You can specify an anchor independently as its own subpattern. Anchors specified like this match at the indicated location, but the match doesn't include any characters. That is, that portion of the match is an empty string.

Standalone Anchors Syntax:

{a | the} word break -- Location at beginning or end of a word
{a | the} [beginning | start | starting] of {a | the} word -- Location at beginning of a word
{a | the} word [beginning | start | starting] -- Location at beginning of a word
{a | an | the} end of {a | the} word -- Location at end of a word
{a | the} word end -- Location at end of a word
{a | the} [beginning | start | starting] of {a | the} line -- Beginning of line
{a | an | the} end of {a | the} line -- End of line
{a | the} line start -- Location at beginning of a line
{a | the} line end -- Location at end of a line
{a | the} [beginning | start | starting] of {a | the} text -- Beginning of text
{a | an | the} end of {a | the} text -- End of text
{a | the} text start -- Location at beginning of the text
{a | the]} text end -- Location at end of the text

These anchors each represent a pure location within the text that doesn't include any characters. The following example locates all of the transitions between word and nonword characters and inserts a "|" character at those locations:

set sentence to "To all who come to this happy place, welcome."
replace every <word break> in sentence with "|"

The resulting text string would look like this:

|To| |all| |who| |come| |to| |this| |happy| |place|, |welcome|.

Locations in Context

Patterns can be anchored to locations by using other pattern elements that are not treated as part of the matched range. This anchor type lets you identify a particular match location, then specify additional pattern elements relative to its location.

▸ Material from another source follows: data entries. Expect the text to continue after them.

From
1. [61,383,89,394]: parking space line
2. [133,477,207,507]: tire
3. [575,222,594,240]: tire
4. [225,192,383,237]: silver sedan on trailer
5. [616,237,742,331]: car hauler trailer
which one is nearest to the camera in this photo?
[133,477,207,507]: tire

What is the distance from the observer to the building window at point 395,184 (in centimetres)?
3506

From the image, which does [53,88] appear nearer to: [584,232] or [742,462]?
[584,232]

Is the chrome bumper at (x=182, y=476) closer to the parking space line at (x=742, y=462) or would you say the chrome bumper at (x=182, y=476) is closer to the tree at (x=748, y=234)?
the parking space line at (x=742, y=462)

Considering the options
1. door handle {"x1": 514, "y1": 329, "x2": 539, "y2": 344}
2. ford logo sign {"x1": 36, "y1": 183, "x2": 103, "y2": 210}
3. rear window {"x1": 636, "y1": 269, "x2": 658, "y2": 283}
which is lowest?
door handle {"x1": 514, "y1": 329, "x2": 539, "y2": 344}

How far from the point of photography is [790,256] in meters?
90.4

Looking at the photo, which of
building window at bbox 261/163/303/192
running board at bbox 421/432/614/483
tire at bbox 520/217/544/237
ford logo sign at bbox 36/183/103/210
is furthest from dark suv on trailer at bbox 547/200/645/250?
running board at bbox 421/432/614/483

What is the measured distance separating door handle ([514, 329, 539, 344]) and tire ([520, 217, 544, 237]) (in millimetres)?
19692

Such anchors are typically referred to as lookahead and lookbehind, because you can match additional pattern elements after or before the anchor, or collectively as lookaround. For example, let's start with a pattern to specify one or more characters enclosed in parentheses:

< "(" then some characters then ")" >

This pattern definition matches text occurrences, including the surrounding parentheses. To obtain only the enclosed contents without the enclosing parentheses themselves, use the preceded by and followed by specifiers:

<preceded by "(" then some characters then followed by ")">

In this pattern, some characters is the only part of the pattern that is included in the match. The preceded by "(" code is a lookbehind anchor that locates the opening parenthesis that must be present before the characters in order to find a match for the pattern, and the parenthesis itself is not included in the match.

Similarly, followed by ")" is a lookahead anchor that ensures the pattern only matches a group of characters that are followed by a closing parenthesis, without including that character in the match.

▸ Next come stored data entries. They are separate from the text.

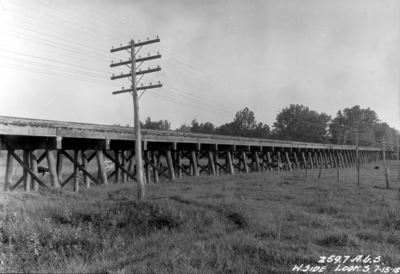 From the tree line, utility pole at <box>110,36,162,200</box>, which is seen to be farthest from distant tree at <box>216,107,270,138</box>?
utility pole at <box>110,36,162,200</box>

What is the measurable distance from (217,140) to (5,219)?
14.8 meters

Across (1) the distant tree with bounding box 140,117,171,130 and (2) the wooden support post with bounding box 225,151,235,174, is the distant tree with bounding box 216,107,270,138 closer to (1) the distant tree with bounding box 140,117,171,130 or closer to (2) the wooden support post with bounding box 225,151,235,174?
(1) the distant tree with bounding box 140,117,171,130

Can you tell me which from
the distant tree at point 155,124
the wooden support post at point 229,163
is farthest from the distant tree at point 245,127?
the wooden support post at point 229,163

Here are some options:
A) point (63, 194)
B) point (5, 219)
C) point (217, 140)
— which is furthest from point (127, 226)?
point (217, 140)

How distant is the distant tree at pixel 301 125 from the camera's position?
262 feet

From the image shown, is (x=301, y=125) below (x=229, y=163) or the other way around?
the other way around

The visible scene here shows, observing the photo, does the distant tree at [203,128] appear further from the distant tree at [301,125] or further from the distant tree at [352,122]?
the distant tree at [352,122]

The same pattern can also be written more conversationally like this:

<some characters preceded by "(" followed by ")">

Lookaround Anchors Syntax:

preceded by locatingPattern -- Location that has locatingPattern immediately before it
not preceded by locatingPattern -- Location that does not have locatingPattern immediately before it
followed by locatingPattern -- Location that has locatingPattern immediately after it
not followed by locatingPattern -- Location that does not have locatingPattern immediately after it
pattern preceded by locatingPattern -- Pattern at a location that has locatingPattern before it
pattern not preceded by locatingPattern -- Pattern at a location that does not have locatingPattern before it
pattern followed by locatingPattern -- Pattern at a location that has locatingPattern after it
pattern not followed by locatingPattern -- Pattern at a location that does not have locatingPattern after it
Important

Important: The locatingPattern used with preceded by must be of a constrained length. It cannot include patterns that have an indeterminate, unconstrained length, such as preceded by some characters or preceded by one or more digits. A variable but constrained length is allowed, such as preceded by 3 to 5 digits. Patterns used with followed by do not have this limitation.

Remember, with lookaround anchors, the locatingPattern doesn't consume characters in the source text, and it is not part of the matched range.